APF's Network Summaries

Friday, November 20, 2009

Skilled in the Art of Being Idle: Reducing Energy Waste in Networked Systems

A "sleeping" device uses less power than an idle-but-turned-on machine but loses its ability to respond to network events. This paper explores different ways of setting a machine to sleep without losing network presence, so that computer users will be more willing to actually use sleep modes. Notably, they look at two approaches: Wake-on-Lan (WoL), which allows machines to be woken up remotely with a special magic packet; and the use of a "proxy" that handles traffic on behalf of a sleeping host (potentially waking the machine).

1. Is the problem worth solving? They look at 250 machines (a mix of desktops and notebooks) in both home and work settings. If a person hasn't used a machine for 15 mins they classify it as "idle", and the machines in their study are idle a huge percentage of the time. That's a big opportunity for sleep-but-present.

2. What network traffic do idle machines see? They use BRO to record the traffic. They find that both at home and at work, machines are receiving nearly constant network traffic (although home networks are quieter). If they were going to wake up a machine for EVERY PACKET, machines wouldn't get to sleep much: not at all in the office, and only about 50% of idle time at home. This implies that a selective wakeup mechanism (only wake for some packets) would be better.

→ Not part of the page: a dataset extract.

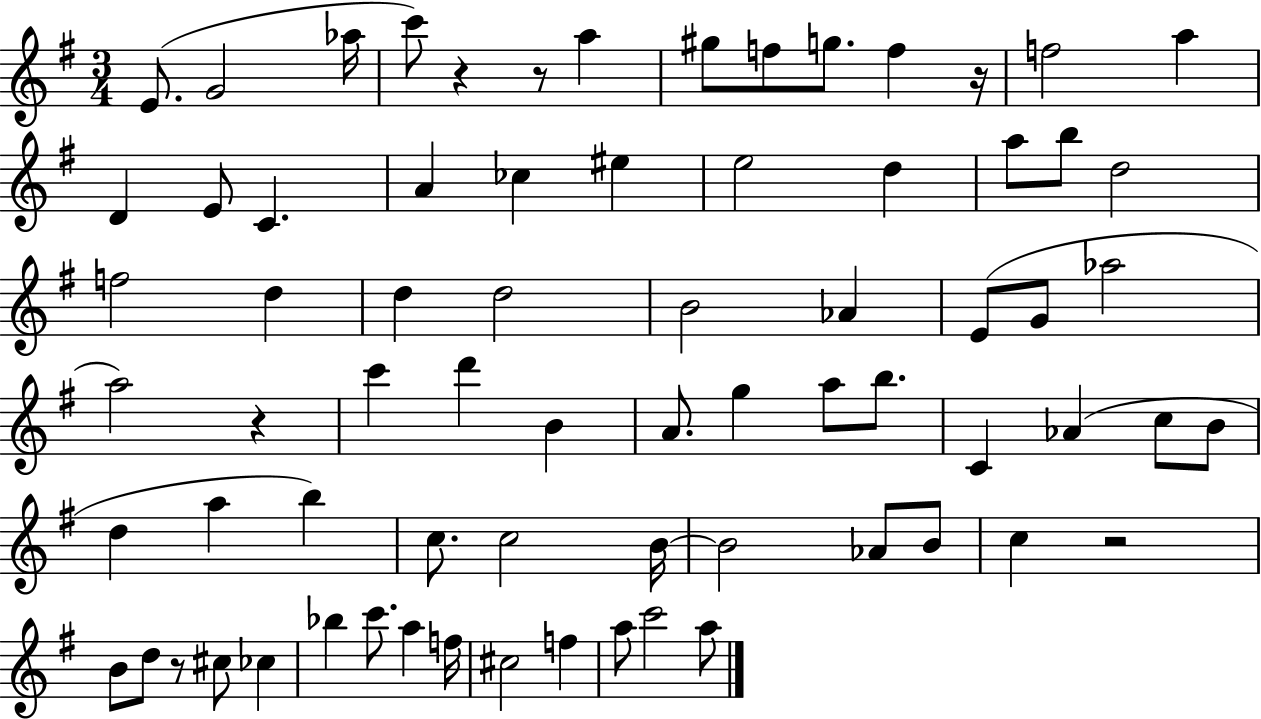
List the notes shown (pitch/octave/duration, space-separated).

E4/e. G4/h Ab5/s C6/e R/q R/e A5/q G#5/e F5/e G5/e. F5/q R/s F5/h A5/q D4/q E4/e C4/q. A4/q CES5/q EIS5/q E5/h D5/q A5/e B5/e D5/h F5/h D5/q D5/q D5/h B4/h Ab4/q E4/e G4/e Ab5/h A5/h R/q C6/q D6/q B4/q A4/e. G5/q A5/e B5/e. C4/q Ab4/q C5/e B4/e D5/q A5/q B5/q C5/e. C5/h B4/s B4/h Ab4/e B4/e C5/q R/h B4/e D5/e R/e C#5/e CES5/q Bb5/q C6/e. A5/q F5/s C#5/h F5/q A5/e C6/h A5/e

To try to figure out what kind of policy would be good (which packets should they wake for?), they broke down idle-time traffic by communication type (multi/uni/broadcast), incoming vs outgoing, and protocol. Outgoing traffic is mostly unicast, incoming is multi/uni/broadcast (so a proxy would need to handle all 3). Incoming broadcast and multicast chatter are largely responsible for poor sleep; proxying & ignoring them would save a lot of sleep time. Most broadcast and multicast protocols can be ignored or responded to by the proxy (eg the proxy can respond to ARP queries or SSDP packets without waking the host).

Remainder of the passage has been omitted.